De vordering tot het betalen van een boete van een bijna 6,5 miljoen voor het niet (op tijd) afgeven van kentekenbewijzen voor een Porsche en een Ferrari heeft de rechtbank afgewezen.
De curator in het faillissement van Ger Visser vorderde dat de vrouw van Visser ruim 1,3 miljoen euro terug zou betalen aan de boedel. Dit bedrag maakte Visser vlak voor zijn faillissement over aan zijn vrouw. Volgens hen omdat de vrouw van Visser ‘op haar wijze had bijgedragen aan het tijdens het huwelijk opgebouwde vermogen.’
Het echtpaar trouwde destijds onder huwelijksvoorwaarden. De hiervoor genoemde afspraak kwam neer op een wijziging van de huwelijksvoorwaarden. Maar die was niet, zoals volgens de wet moet, vastgelegd in een notariële akte.

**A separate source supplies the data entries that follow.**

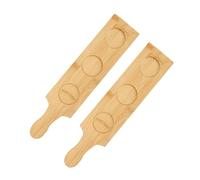 VERDANVERSE 2 Pezzi Vassoio Porta Bicchieri in Bambù per Degustazione di Birra Supporto Resistente in Legno Naturale con Struttura Compatta per Degustazioni e Conservazione
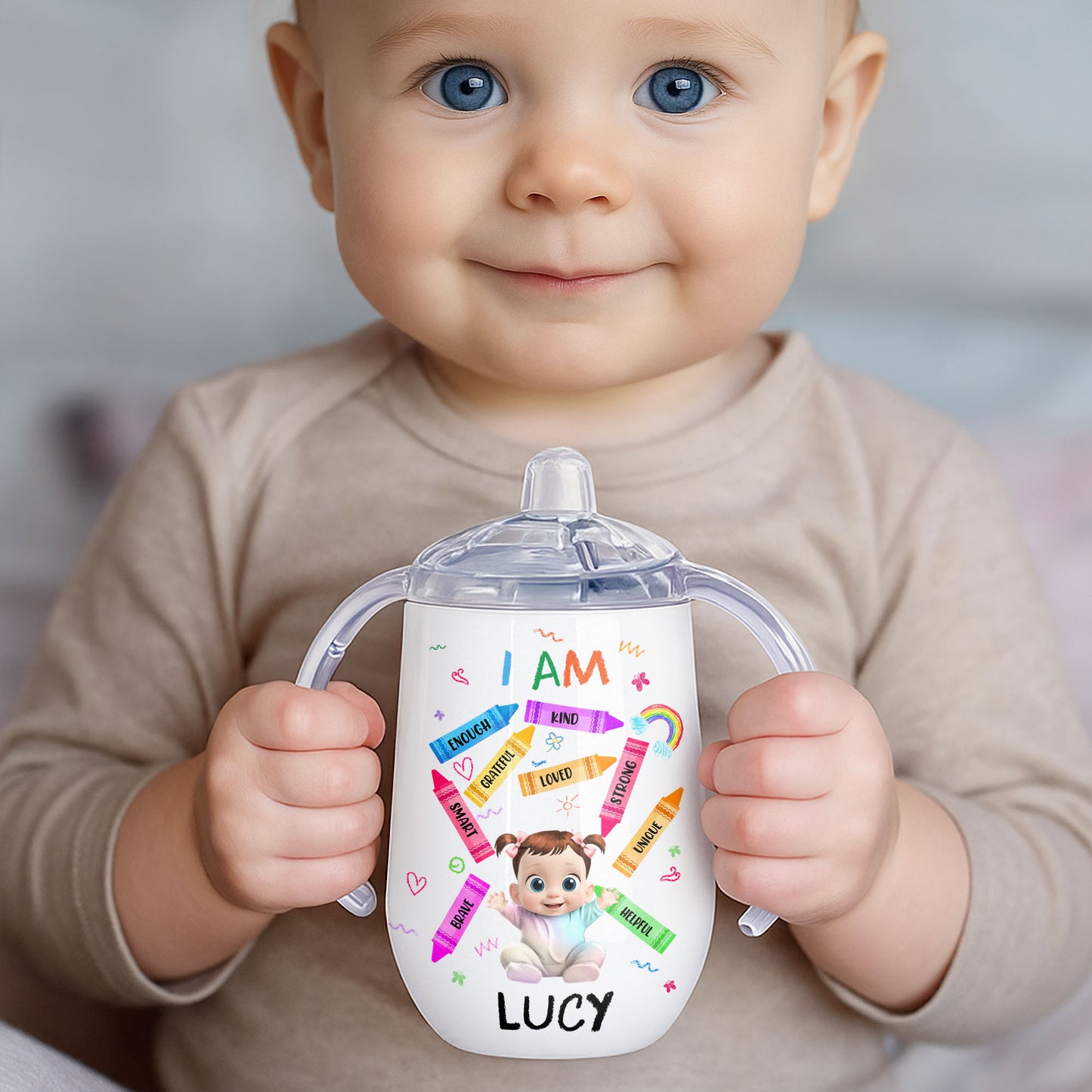 I Am Kind, Loved, Strong, Beautiful Rainbow And Hearts Design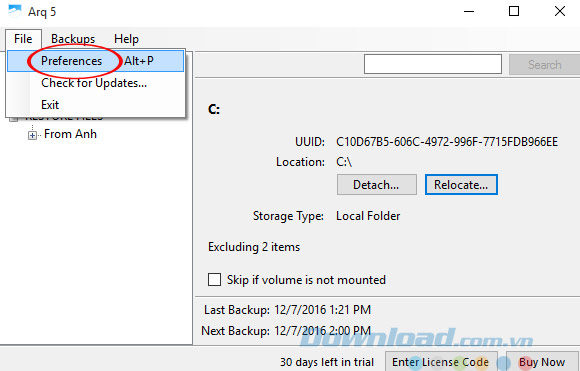 Nhấn vào Preferences Nhấn vào Preferences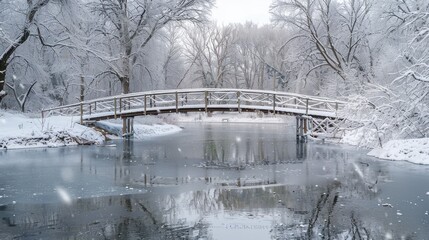 Aufkleber - A snow-covered wooden bridge spans a frozen lake, surrounded by snow-laden trees in a tranquil winter scene. Snowflakes fall gently, creating a picturesque and peaceful atmosphere.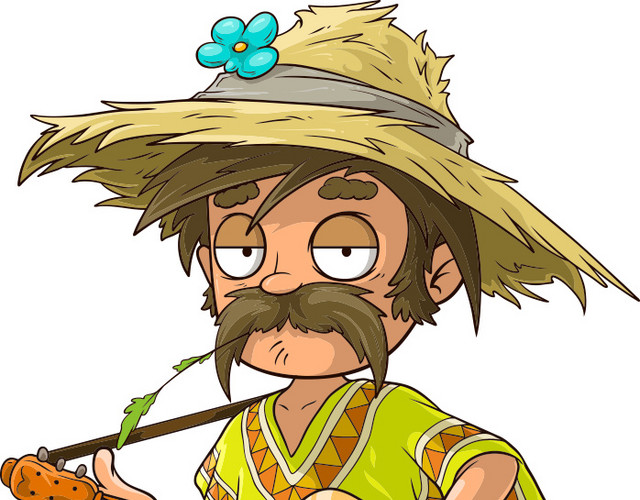 弹吉他的矢量男人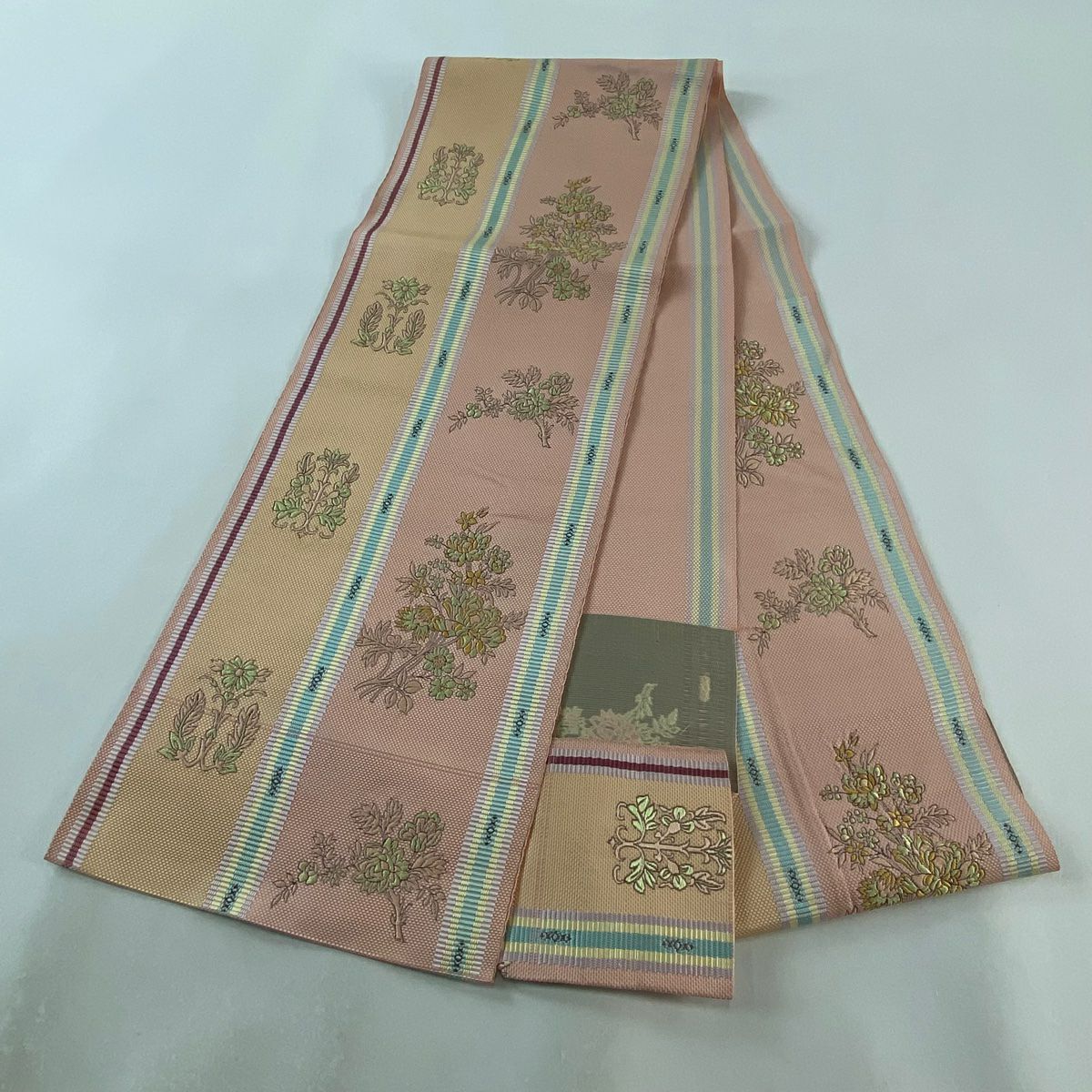 名古屋帶 秀品級 松樹葉仕立 雙層 八寸名古屋帶 紬織織 枝花紋 條紋 粉紅 純蠶絲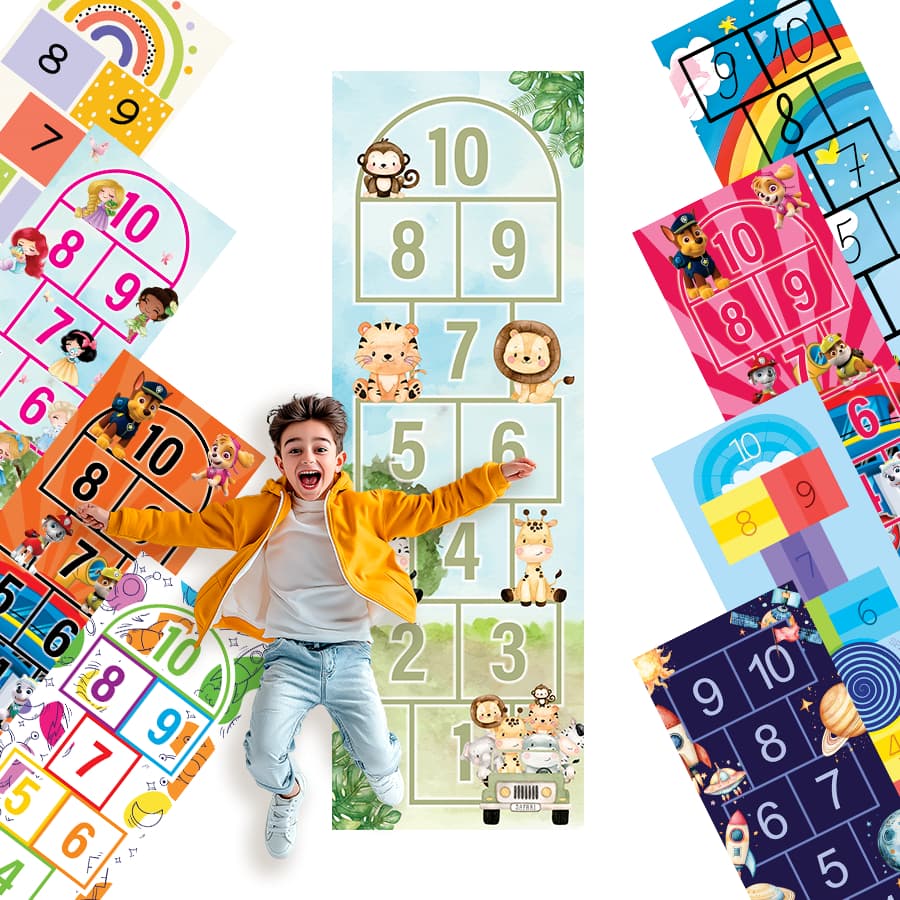 Amarelinha Tapete Adesivo Autocolante Decoração Quarto Infantil Escola Sensorial Desenvolvimento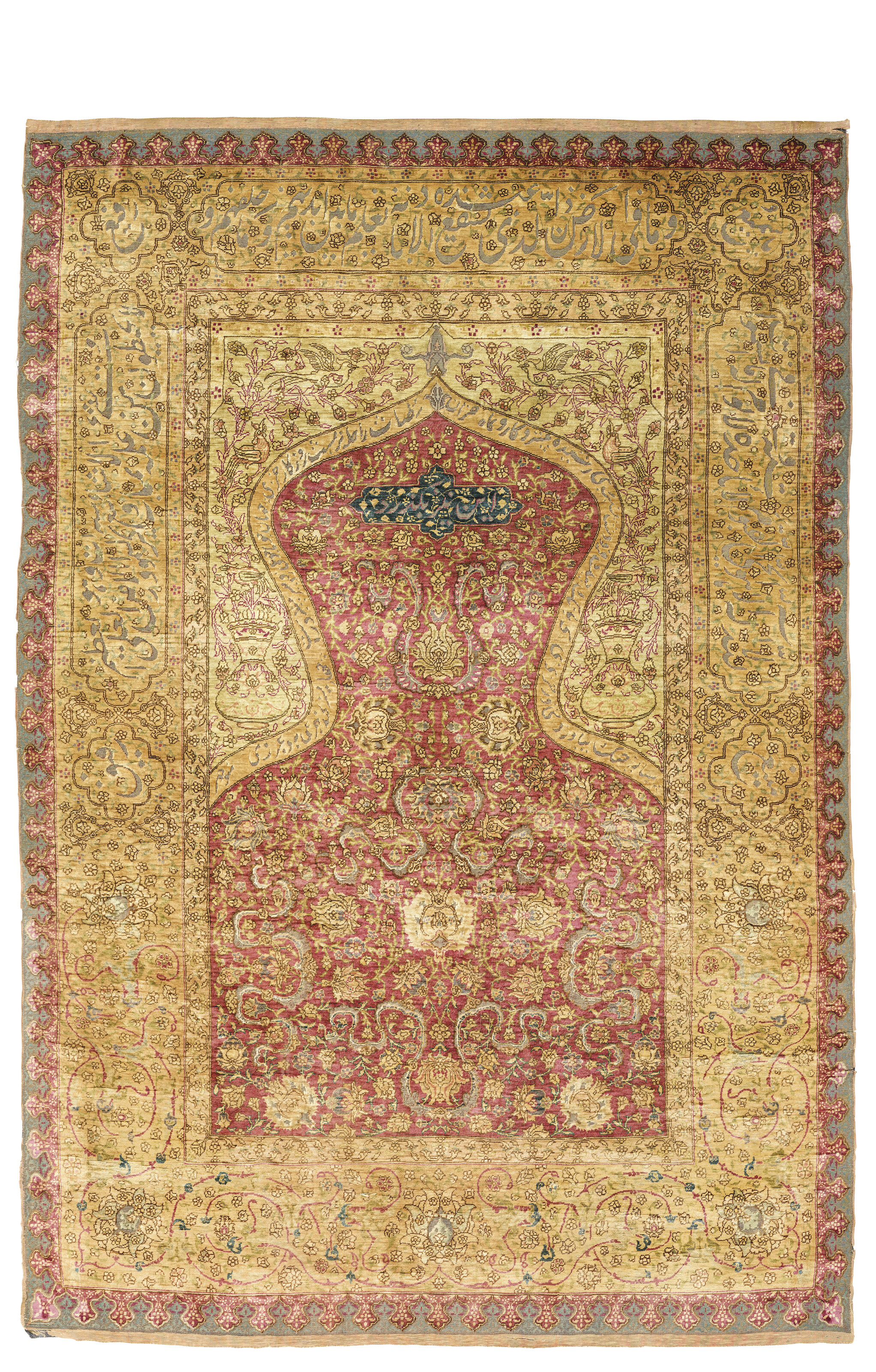 A silk and metal-thread Koum Kapi prayer rug, possibly signed Mina, Istanbul, Turkey, circa 1920, offered in Art of the Islamic and Indian Worlds including Rugs and Carpets on 24 October 2024 at Christie's in London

Het gerechtshof Arnhem-Leeuwarden en de Hoge Raad oordeelden daarom dat de afspraken niet geldig zijn. Dat betekent ook in deze zaak dat de afspraak tussen de bestuurder en zijn echtgenote ongeldig is. Daarom moeten de aan de echtgenote betaalde bedragen terug naar het vermogen van de bestuurder. De rechtbank wijst daarom de gevorderde 1,3 miljoen door de curator van de bestuurder toe.
De goudstaaf die in de vriezer van het echtpaar werd gevonden en de inboedel in die woning vallen ook in het faillissement en gaan ook naar de curator. De echtgenote kon niet aantonen dat de inboedel en de goudstaaf alleen van haar was.
De curator eiste verder dat de stichting een bedrag van 4,5 miljoen euro aan de boedel terugbetaalt. Het ging hier om pensioengelden die door de bestuurder aan de pensioenstichting waren betaald en die bedoeld waren voor de echtgenote.
Omdat ook die betaling was gebaseerd op de niet geldige wijziging van de huwelijksvoorwaarden, moet ook dit bedrag terugbetaald worden aan de curator.